I also found that going organic on bermuda is Very expensive unless you have a small lawn. Anything over 5K and it starts getting expensive real fast.


----------



## Redtenchu (Jan 28, 2017)

+1 to Pete and MQ.


----------



## coreymays22 (Apr 25, 2017)

Anyone want to touch on the whole argument of feeding the soil microbes (by going organic a couple times a year)? I do not really understand it very well.


----------



## dfw_pilot (Jan 28, 2017)

I've purchased a few bags of fish food from Tractor Supply - it's affordable, high nitrogen, and comes in hard pellets that make using a spreader very easy. It was fun to try something new, but it took a long time for the pellets to dissolve.

In the end, I just use either Milo or Lesco 39-0-0 (both very slow release). They are simple to spread, easy to buy and store, very slow release, and feed very well.


----------



## fp_911 (Apr 10, 2017)

Ok I might get flack for this but I have a lawn service apply whatever they do for weeds and fertilizer about 6 times per season. Then on top of that I apply milo once a month. That's it.

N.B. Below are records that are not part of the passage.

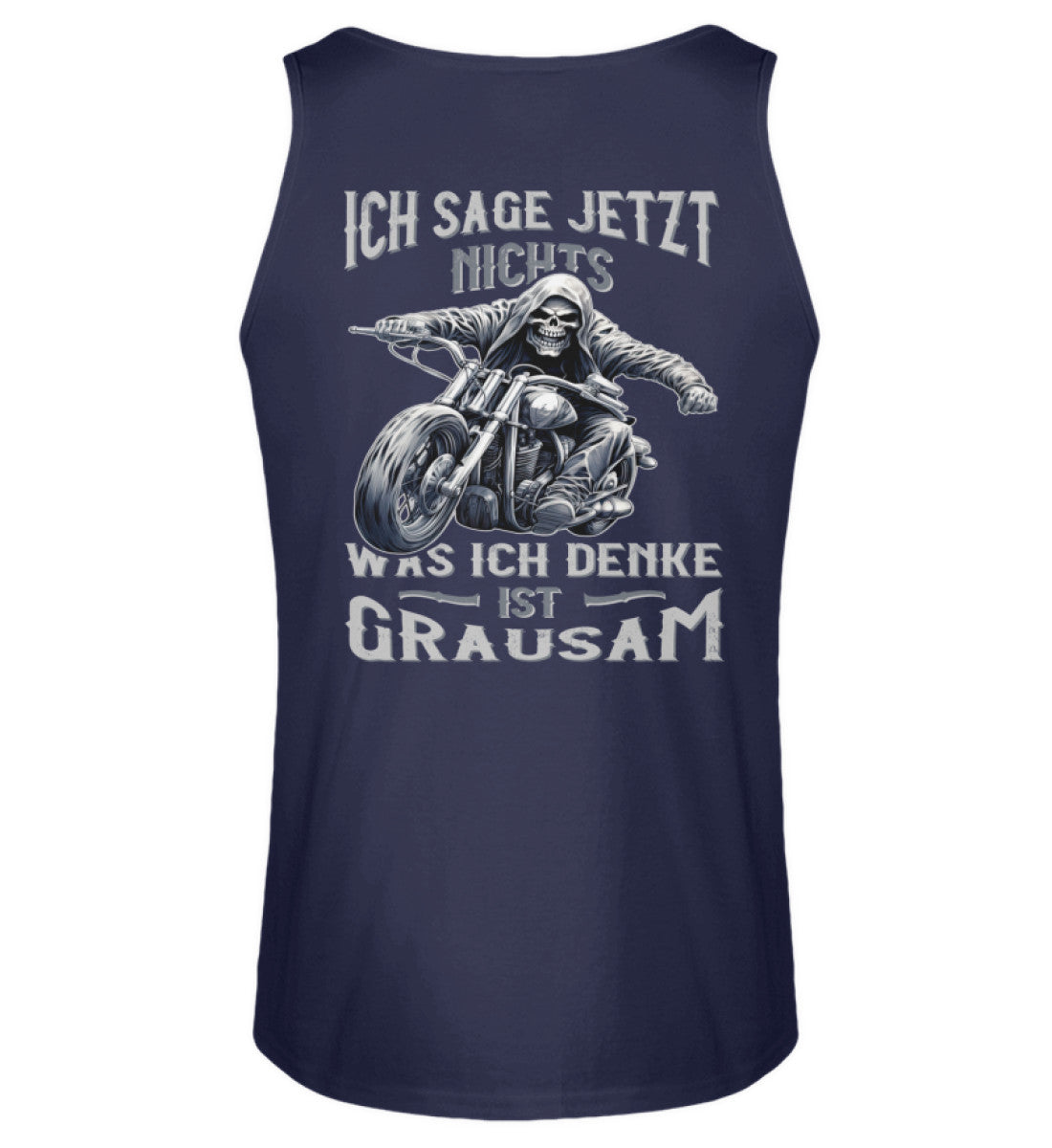 Ein Biker Tanktop für Motorradfahrer von Wingbikers mit dem Aufdruck, Ich sage jetzt nichts - Was ich denke ist grausam - mit Back Print, in navy.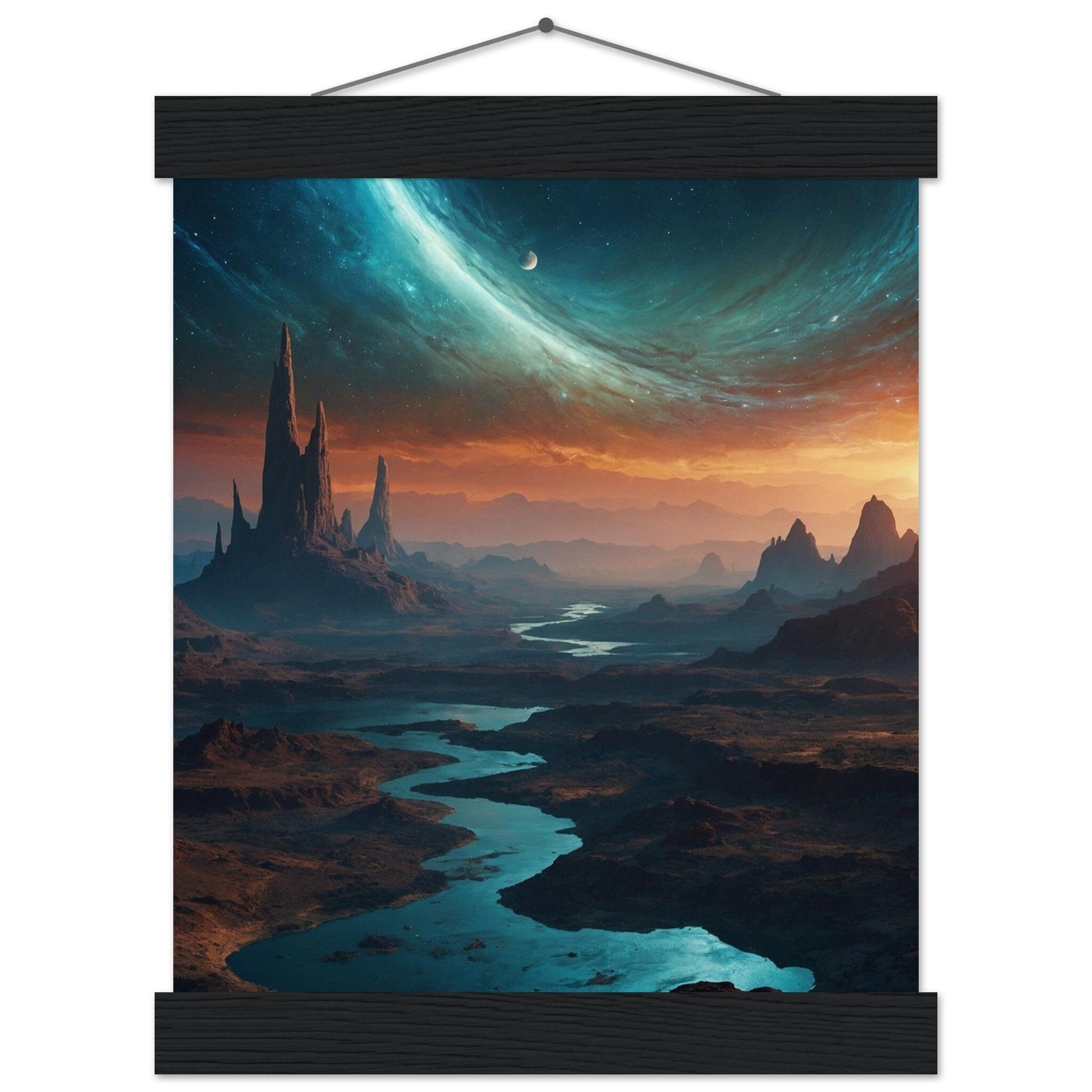 Premium Matte Paper Poster with Hanger - Minimalistische Kunstpräsentation mit Holzhänger Print Material Modern Masterpieces 20x25 cm / 8x10″ Black wall hanger 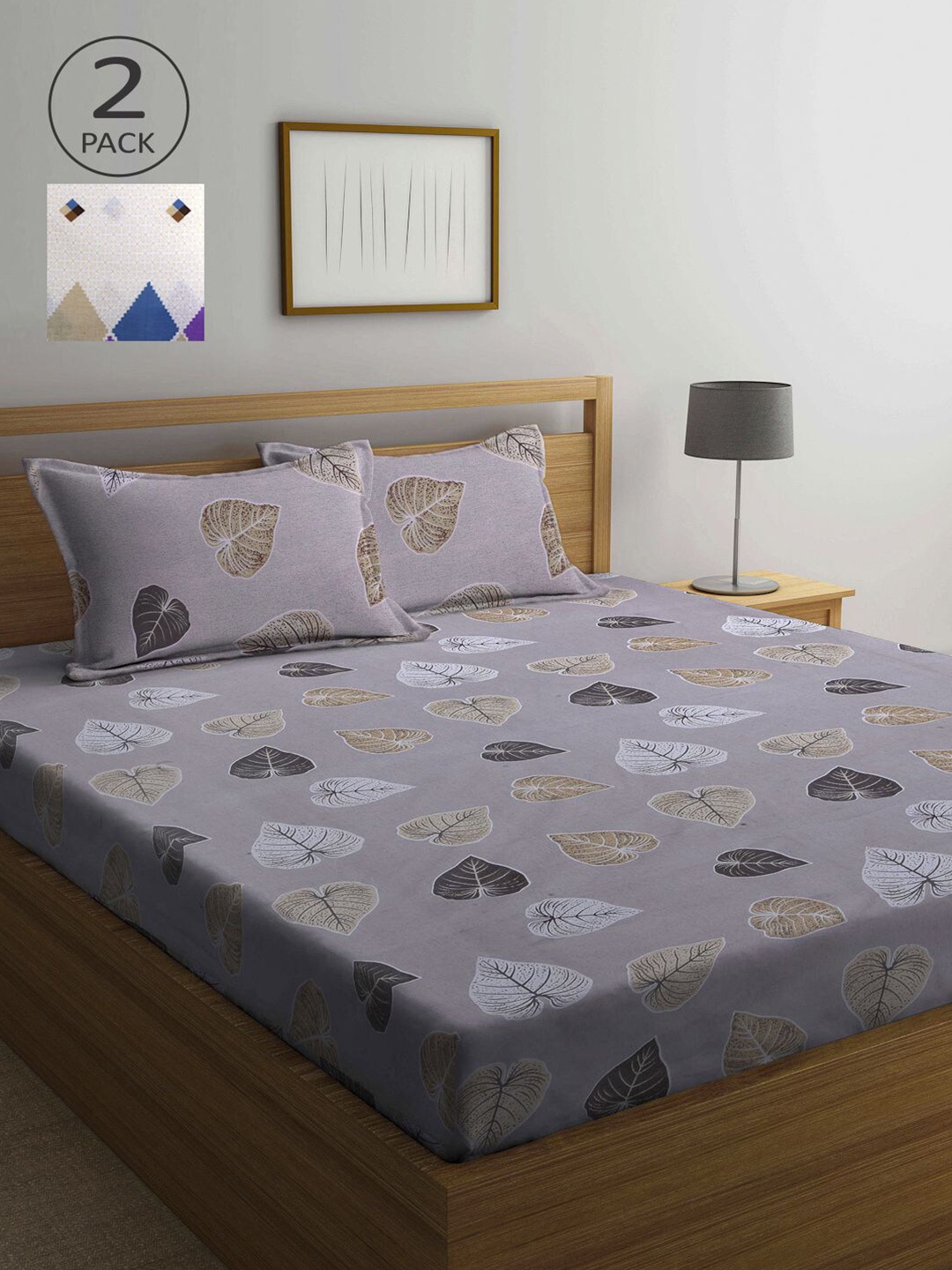 

KLOTTHE Multi Color Floral 210 TC 2 Double Bedsheets with 4 Pillow Covers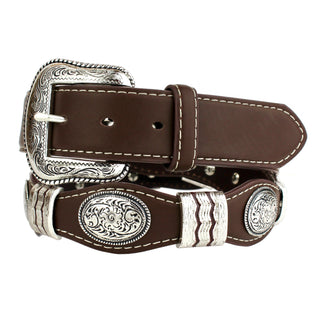 Scalloped Concho Western Belt - Café
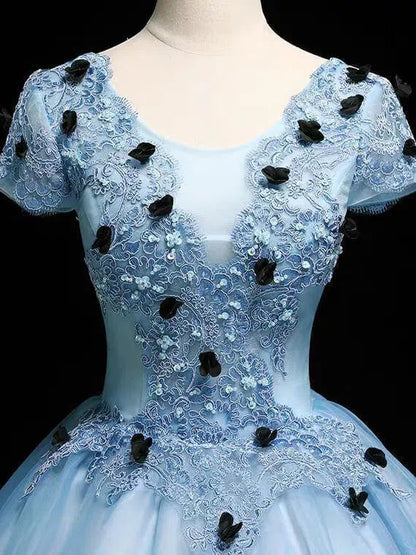 Sky Blue Short Sleeve Ball Gown Prom Dress Sweet 15 Dress FD1036-prom dresses 2025 -Viniodress-Light Blue-Custom Size-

What's interesting is that I only apply milo to the front yard but yet my backyard is about 80% as nice as the front. So not sure if the lawn service gets the credit there or it's just me keeping the lawn mowed short and able to grow the right way.


----------



## wardconnor (Mar 25, 2017)

fp_911 said:


> Ok I might get flack for this but I have a lawn service apply whatever they do for weeds and fertilizer about 6 times per season.

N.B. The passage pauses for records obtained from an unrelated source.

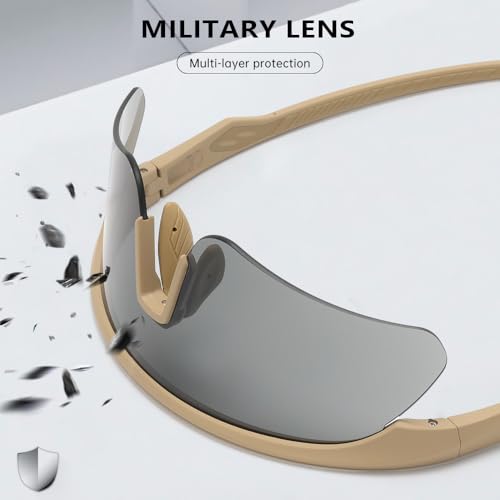 Polarized Protective safety Sunglasses UV400, Lightweight Wraparound Shooting Sports Glasses for Men Women - color: Tan Yellow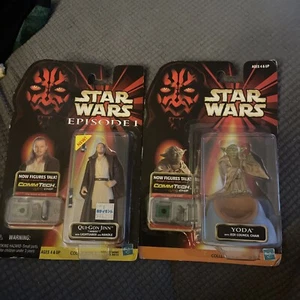 STAR WARS EPISODE ONE QUI-GON JINN & YODA mit Jedi Stuhl COMM TECH CHIP - Bild 1 von 10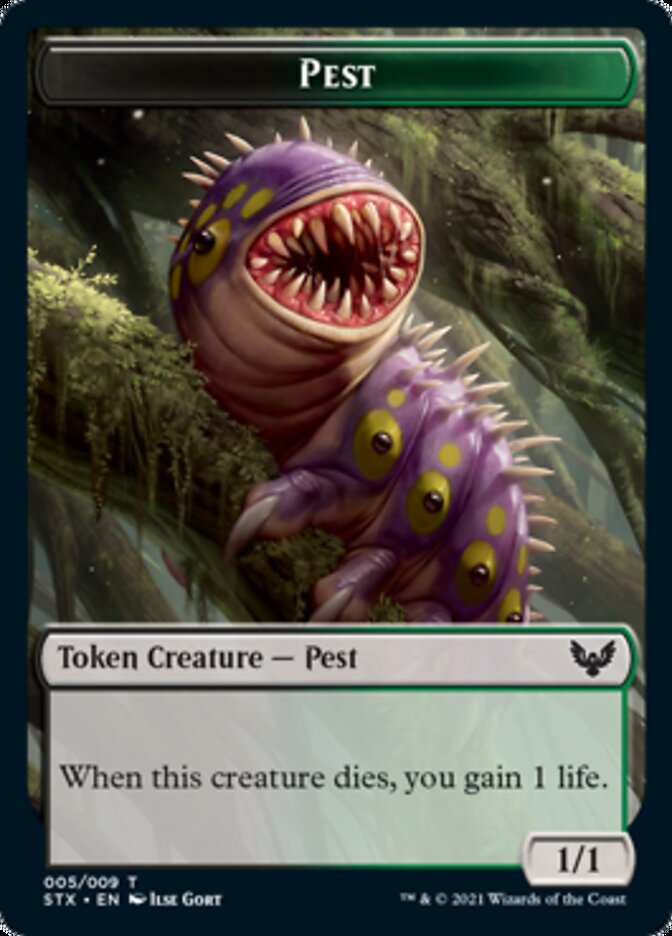 Pest Token [Strixhaven: School of Mages Tokens] | Amazing Games TCG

You should be punished. What do you want for your punishment? There is only ONE way of doing things?

I am kidding of coarse. Everyone is on different levels when it comes to everything in life or just flat do not want to do it.


----------



## Ware (Jan 28, 2017)

Yeah, no shame in doing what works for you. I paid someone to remulch my beds and trim my shrubs this year. It was just a bigger project than I had time for. :thumbup:


----------



## Redtenchu (Jan 28, 2017)

coreymays22 said:


> Anyone want to touch on the whole argument of feeding the soil microbes (by going organic a couple times a year)? I do not really understand it very well.


It really comes down to personal preference. You can use 100% synthetic fertilizers and have an amazing lawn. You can use 100% organic fertilizers and have an amazing lawn. You can use a combo of the 2 fertilizer types and have an amazing lawn. I've tried both and plan to use a combo of the 2 from now on, both have pros and cons.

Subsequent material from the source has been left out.